> [EXERCISE DIRECTIONS] Reproduce, exactly and only, the lines of the data that follows from the one containing "Tory Burch Cream Quilted Shoulder Bag" down to the one containing "Baler 80 t with", without pictures.

> [RECORDS SHOWN]
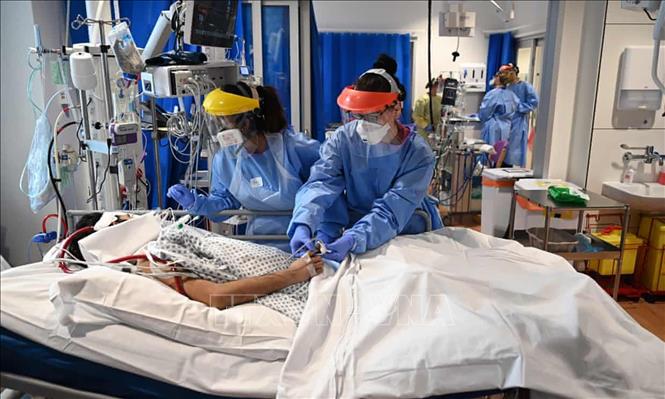 Thế giới ghi nhận tổng cộng trên 216,6 triệu ca mắc COVID-19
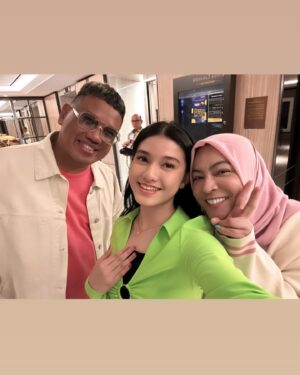 Angel Sianturi Instagram - Ketemu lg dg tante cantik @astridkuya 💕
& om ganteng @king_uyakuya 🥰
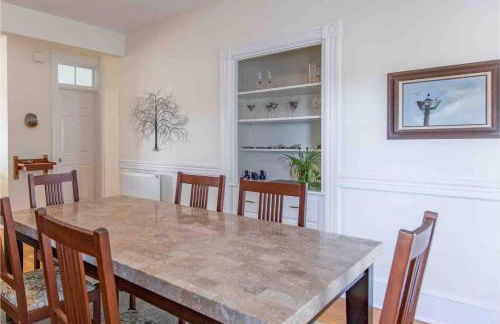 Peaceful Oasis on Munjoy Hill 2nd flr 3BR parking - Foto 24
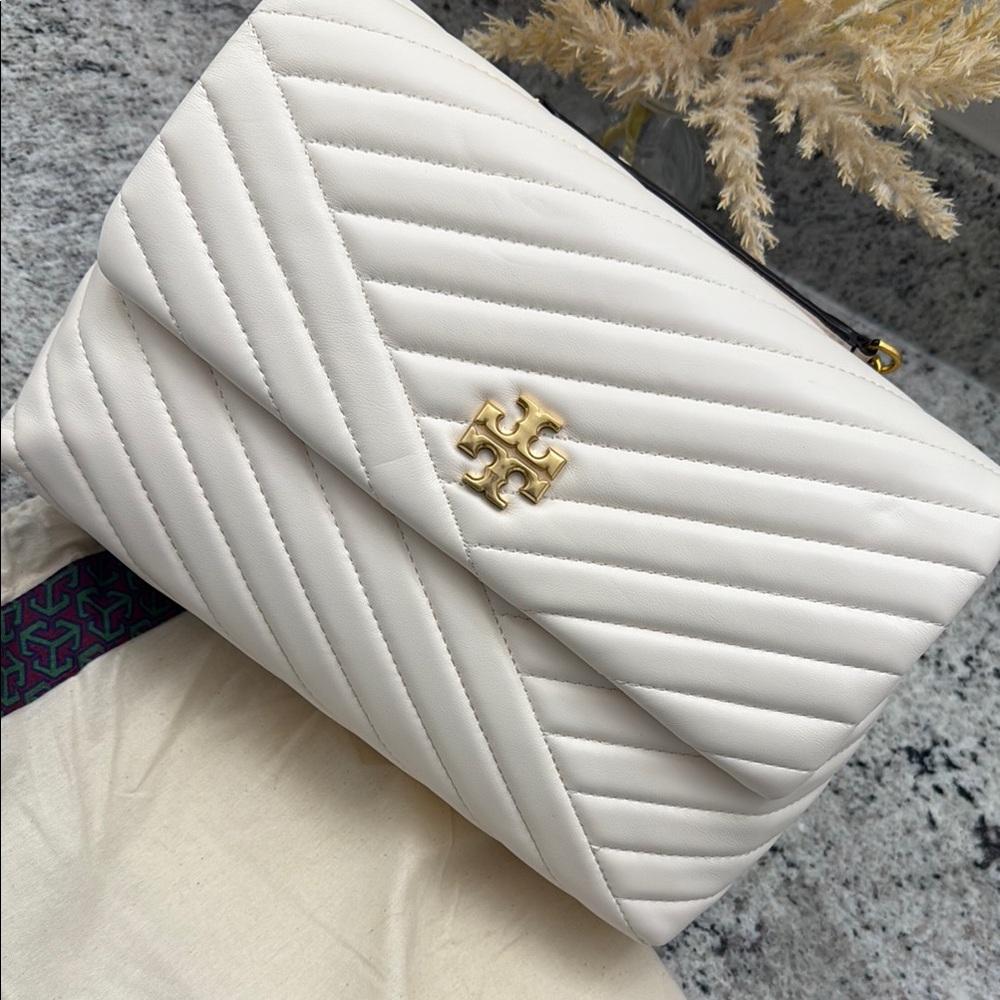 Tory Burch Cream Quilted Shoulder Bag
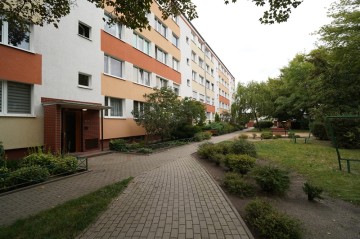 4 pokoje, niski blok, balkon - 310 000 zł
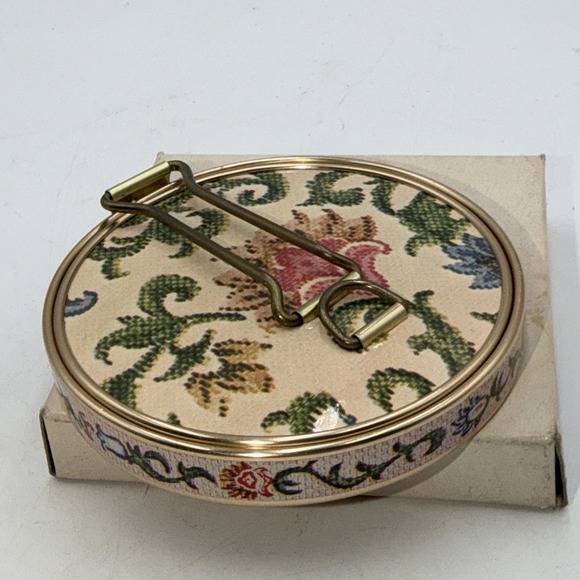 Willitts Exclusive Imports Other - Vtg 60s Japan Round Folding Double-Mirror Compact W/Stand CrossStitch Floral Box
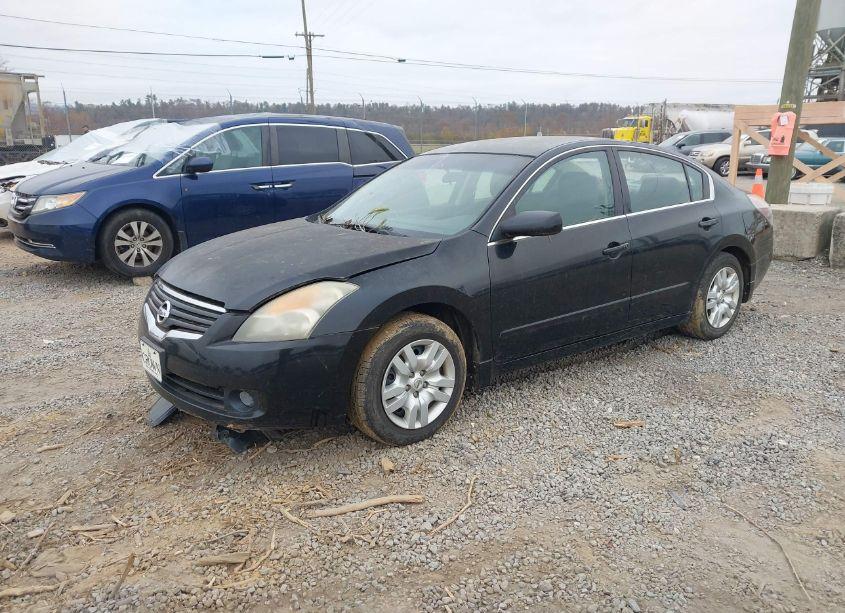 Photo 2 of 2009 Nissan Altima 2.5 S (VIN 1N4AL21E39N513556)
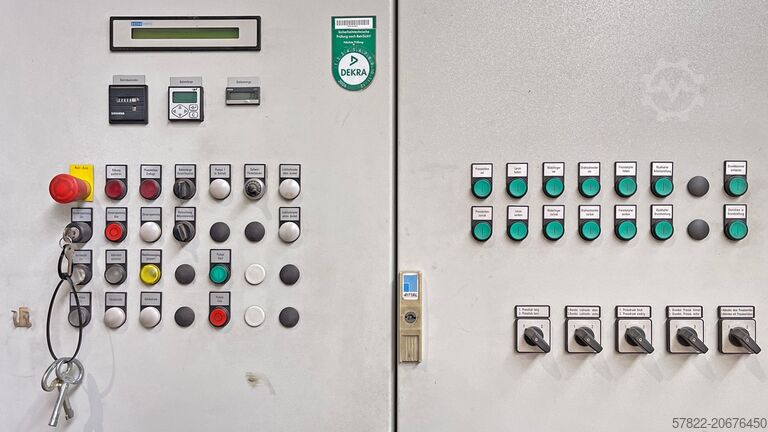 Baler 80 t with pecial press ram for pressing ‘difficult’ materials Avermann Maschinenfabrik GmbH & Co. KG AVOS 1410-45/80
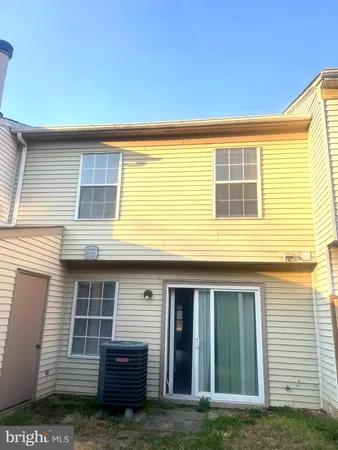 $2,400 | 2753 Bixby Road, Woodbridge, VA 22193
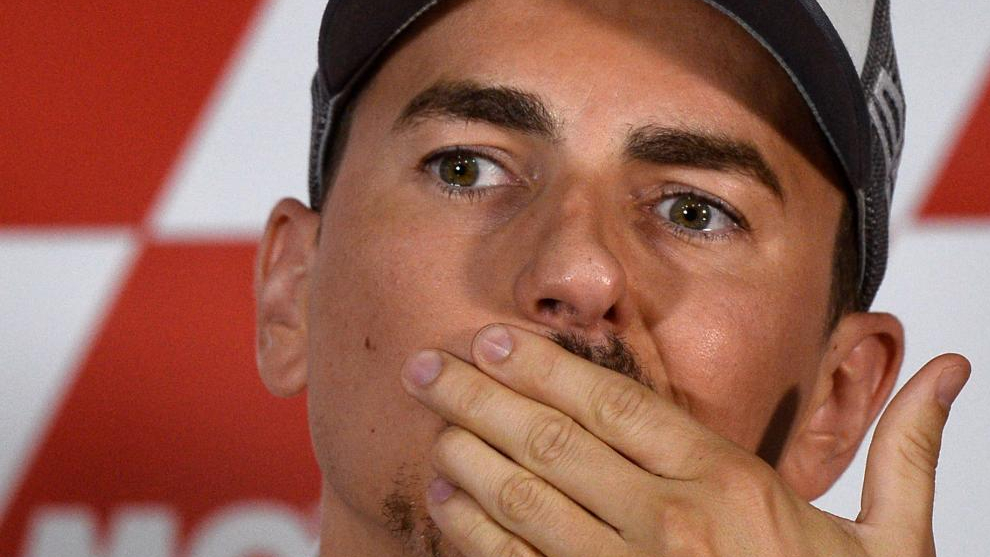 Jorge Lorenzo perdio sus dedos ?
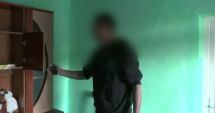 Stire din Eveniment : O fetiţă de şapte ani a murit după ce un dulap a căzut peste ea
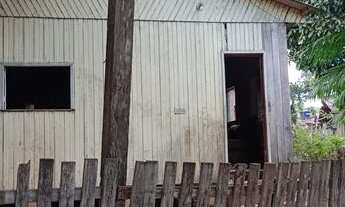 Imagem: Vendo uma casa de madeira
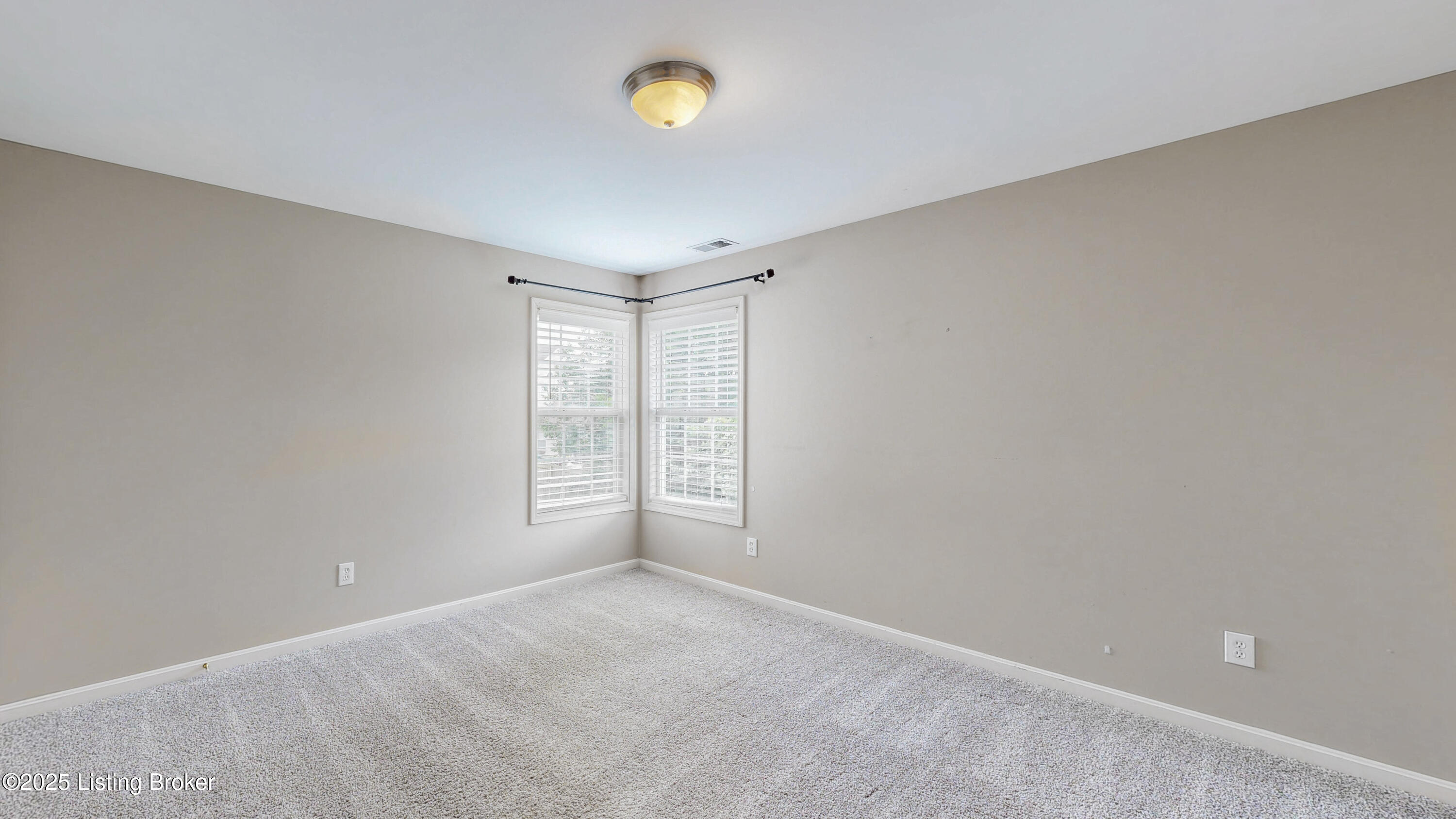 10902 Collington Dr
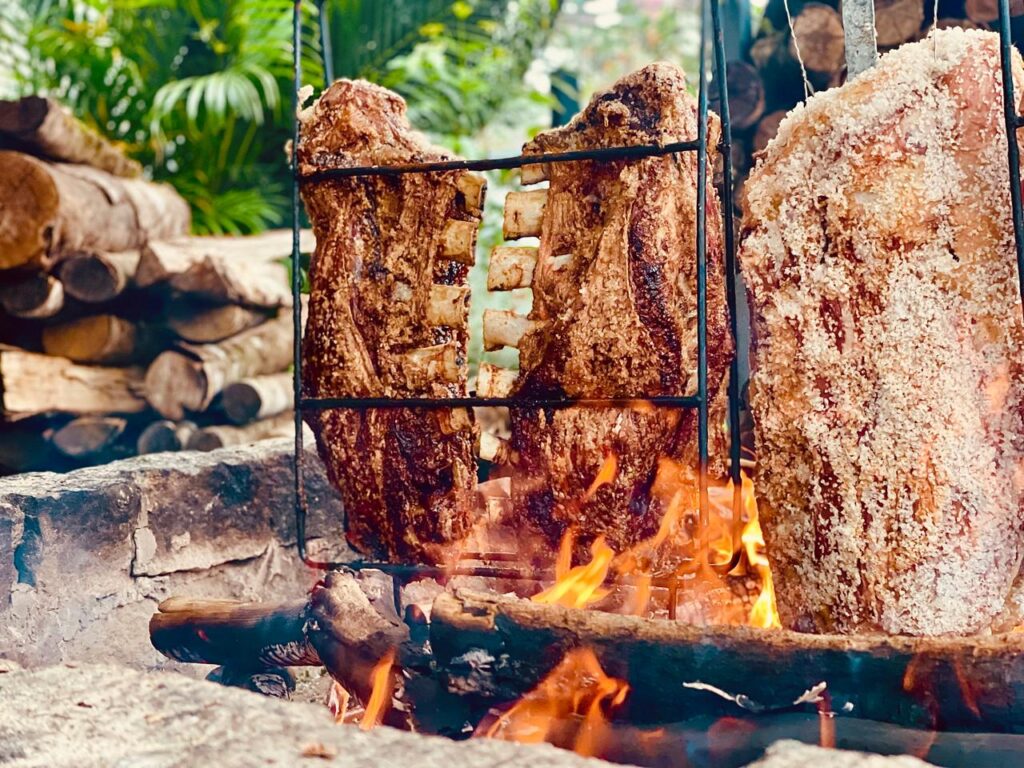 Costela no fogo de chão (foto Fernando Smak)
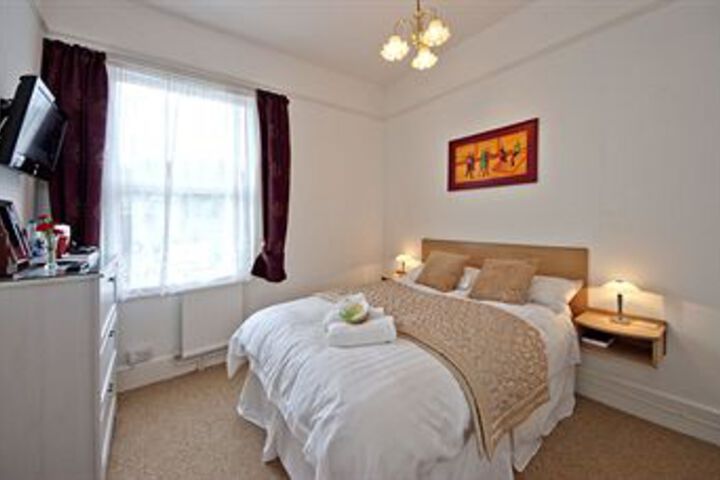 Room 8 of 20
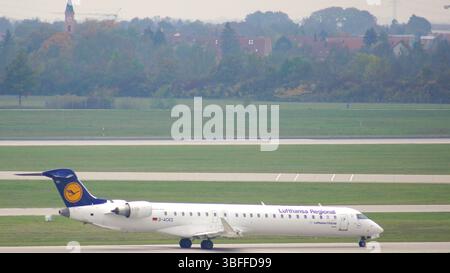 München, 11. Oktober 2015: Lufthansa CRJ900 fährt auf Apron Stockfoto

> [COMPLETED TASK]
 Tory Burch Cream Quilted Shoulder Bag
 4 pokoje, niski blok, balkon - 310 000 zł
 Willitts Exclusive Imports Other - Vtg 60s Japan Round Folding Double-Mirror Compact W/Stand CrossStitch Floral Box
 Photo 2 of 2009 Nissan Altima 2.5 S (VIN 1N4AL21E39N513556)
 Baler 80 t with pecial press ram for pressing ‘difficult’ materials Avermann Maschinenfabrik GmbH & Co. KG AVOS 1410-45/80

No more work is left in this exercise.